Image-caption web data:
---
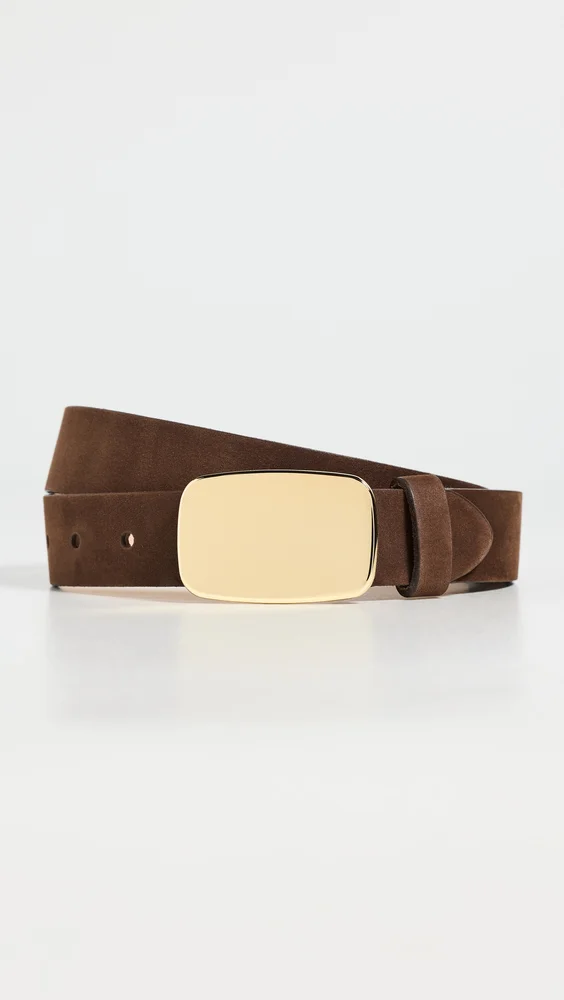Hennie Sleek Leather Belt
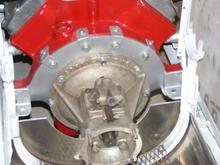 direct drive on a midget race car
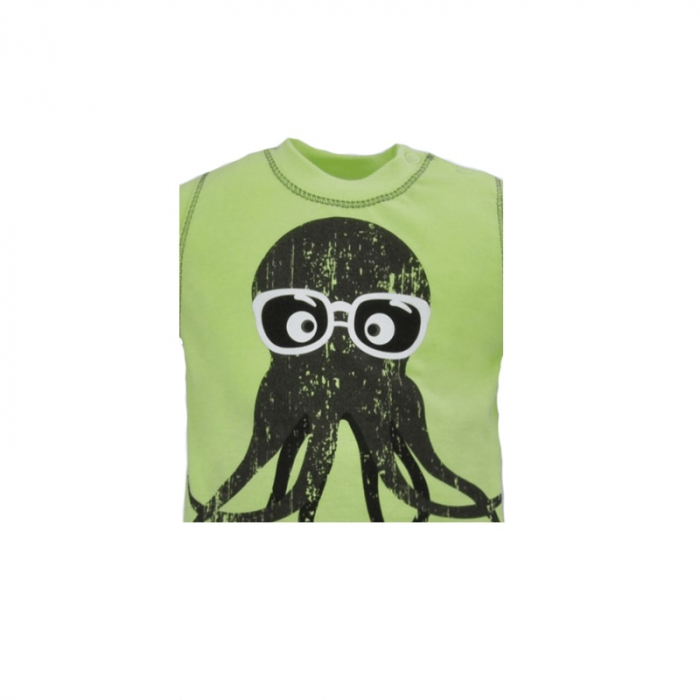 Compleu 2 piese de vara pentru baieti Koala Podwodny Swiat 05-234V-278, Verde [2]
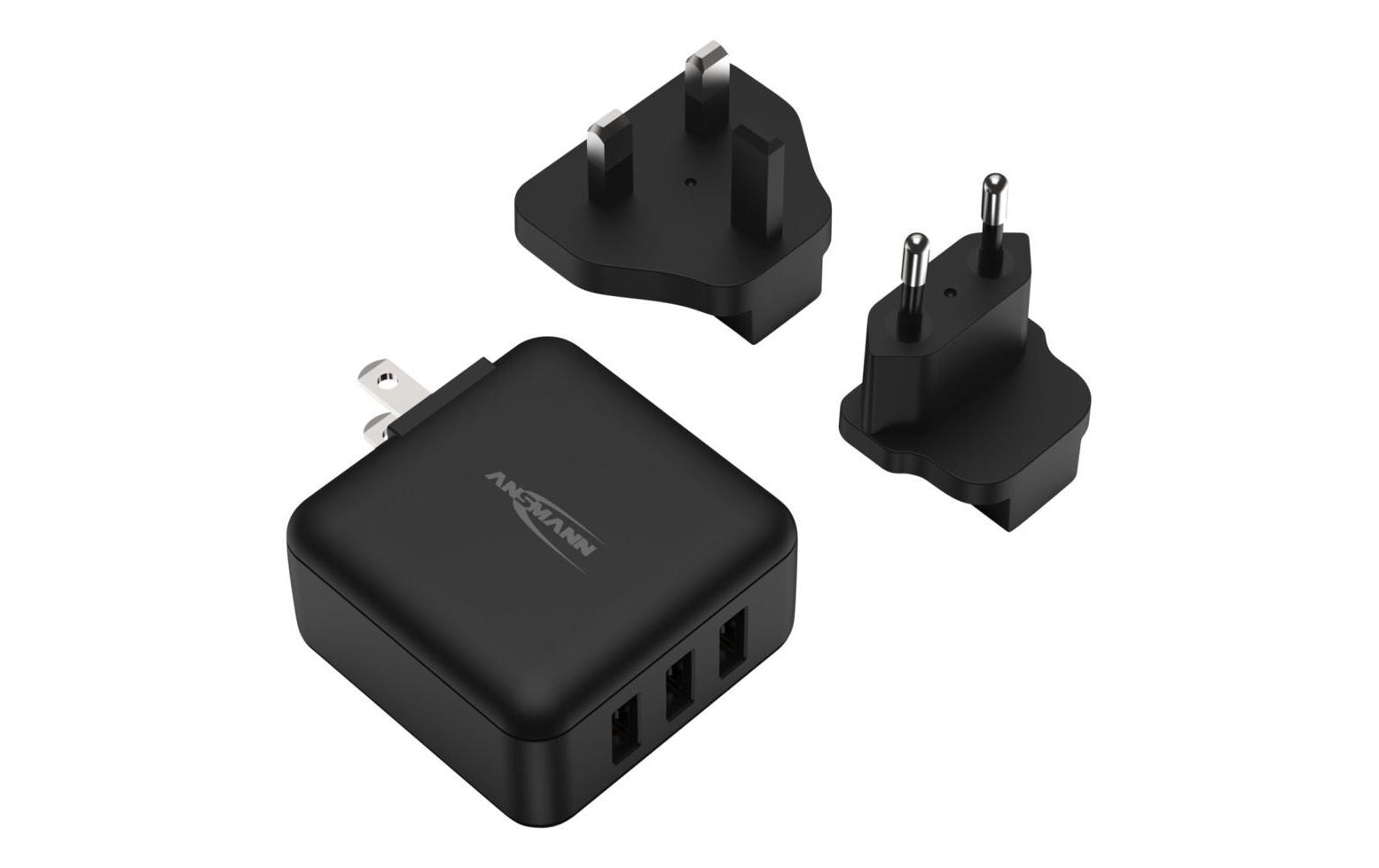 Ansmann USB-Ladegerät Travel Charger TC315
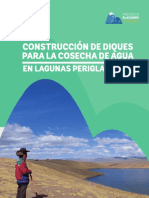 Construcción de Diques para La Cosecha de Agua en Lagunas Periglaciares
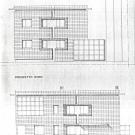 Casa CUBO a Cambiano - disegni di progetto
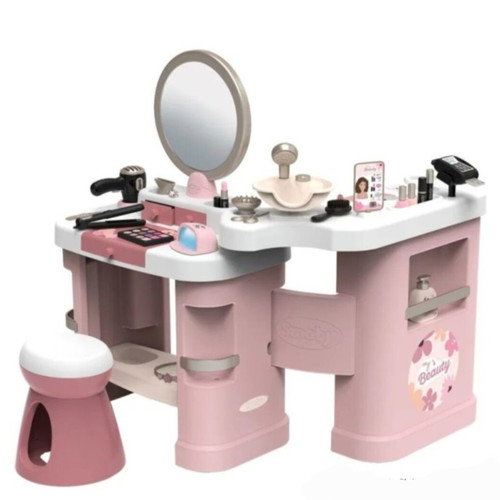 Smoby Beauty Salon Playset new with 26 accessories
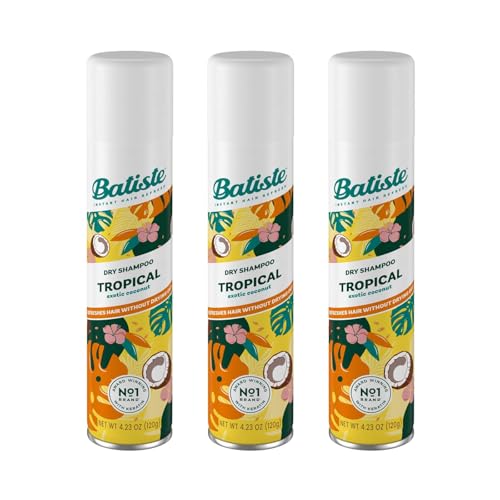 Batiste Dry Shampoo Tropical Fragrance (6.73 OZ)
---
▸ **Problem to work on**
Your copy should hold every record word for word and none of the pictures.

▸ **Reply to the task**
Hennie Sleek Leather Belt
 direct drive on a midget race car
 Compleu 2 piese de vara pentru baieti Koala Podwodny Swiat 05-234V-278, Verde [2]
 Ansmann USB-Ladegerät Travel Charger TC315
 Construcción de Diques para La Cosecha de Agua en Lagunas Periglaciares
 Casa CUBO a Cambiano - disegni di progetto
 Smoby Beauty Salon Playset new with 26 accessories
 Batiste Dry Shampoo Tropical Fragrance (6.73 OZ)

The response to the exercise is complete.